[Entries shown]

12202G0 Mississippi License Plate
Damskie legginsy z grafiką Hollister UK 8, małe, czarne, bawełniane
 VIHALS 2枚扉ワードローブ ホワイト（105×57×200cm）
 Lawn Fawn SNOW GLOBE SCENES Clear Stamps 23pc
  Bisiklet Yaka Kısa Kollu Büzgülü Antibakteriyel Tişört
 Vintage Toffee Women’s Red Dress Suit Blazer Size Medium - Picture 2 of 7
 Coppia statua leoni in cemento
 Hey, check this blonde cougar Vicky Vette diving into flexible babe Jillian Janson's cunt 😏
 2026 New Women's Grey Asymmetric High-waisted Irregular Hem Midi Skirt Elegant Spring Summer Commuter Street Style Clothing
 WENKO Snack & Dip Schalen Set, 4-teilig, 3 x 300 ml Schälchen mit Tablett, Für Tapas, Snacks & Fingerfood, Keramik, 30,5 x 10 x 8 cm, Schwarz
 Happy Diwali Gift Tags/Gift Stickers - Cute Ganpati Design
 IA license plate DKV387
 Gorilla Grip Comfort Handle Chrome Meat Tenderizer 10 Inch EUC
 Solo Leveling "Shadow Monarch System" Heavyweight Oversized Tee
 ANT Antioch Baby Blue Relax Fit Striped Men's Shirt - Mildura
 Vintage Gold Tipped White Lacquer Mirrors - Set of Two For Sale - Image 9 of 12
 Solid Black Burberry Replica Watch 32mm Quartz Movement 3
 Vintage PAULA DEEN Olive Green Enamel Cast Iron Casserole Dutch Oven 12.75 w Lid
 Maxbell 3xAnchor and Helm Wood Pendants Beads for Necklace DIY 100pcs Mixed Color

[/Entries shown]

[What is needed]: With the first line being the one containing "Gorilla Grip Comfort" and the last line the one containing "Vintage PAULA DEEN", transcribe exactly the lines above that fall in that range.

[Your solution]:
 Gorilla Grip Comfort Handle Chrome Meat Tenderizer 10 Inch EUC
 Solo Leveling "Shadow Monarch System" Heavyweight Oversized Tee
 ANT Antioch Baby Blue Relax Fit Striped Men's Shirt - Mildura
 Vintage Gold Tipped White Lacquer Mirrors - Set of Two For Sale - Image 9 of 12
 Solid Black Burberry Replica Watch 32mm Quartz Movement 3
 Vintage PAULA DEEN Olive Green Enamel Cast Iron Casserole Dutch Oven 12.75 w Lid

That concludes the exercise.